Tuesday, February 5, 2008

Meta-communication

According to Wikipedia, Meta-communication is "communicating about communication."  Meta-communication is an indispensable tool for developing one's interpersonal relationships. It is important because people communicate on different levels, and one may not be aware of all the messages he is sending. The actual content of what one says is the obvious form of communication, but there are others: the context in which one says something, the tone and volume of his voice, the look in his eyes, physical posture and position, etc.  Meta-communication can help one ensure that his messages are consistent. It can also help him better understand the messages sent by others.

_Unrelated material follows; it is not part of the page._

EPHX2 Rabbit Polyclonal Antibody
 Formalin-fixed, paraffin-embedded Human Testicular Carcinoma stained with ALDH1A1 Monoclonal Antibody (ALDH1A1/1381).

To illustrate the idea of multiples levels of communication: imagine that, in response to a proposed resolution to a problem, one's lover says, "that's fine." If one considers this response based solely on content, then he will think that his lover his happy with the proposed resolution. But what if the words are said at three times normal speaking volume, interrupting what one is saying, and delivered with a dirty look and a grimace? The message is clearly different. This sort of thing happens all the time.

In the above example, the lover is probably intentionally sending the message that "things are not fine." This is not always the case. One may be intending to send the message that "things are fine," but is unintentionally sending contradictory messages. For instance, using the same example, assume that one's lover is truly amenable to resolving the conflict. She says things are OK, and means it, but the words are still delivered with laser eyes and in a sharp tone. Though she does not intend it, she is communicating that things are both "fine" and "not-fine" at the same time.

When this sort of miscommunication occurs, people often respond to the message opposite of the one intended. If someone is communicating that things are both "OK" and "not-OK", then the net message is that a problem still exists. Couples can continue fighting, forever, without ever identifying the source of the miscommunication. That's where meta-communication comes in.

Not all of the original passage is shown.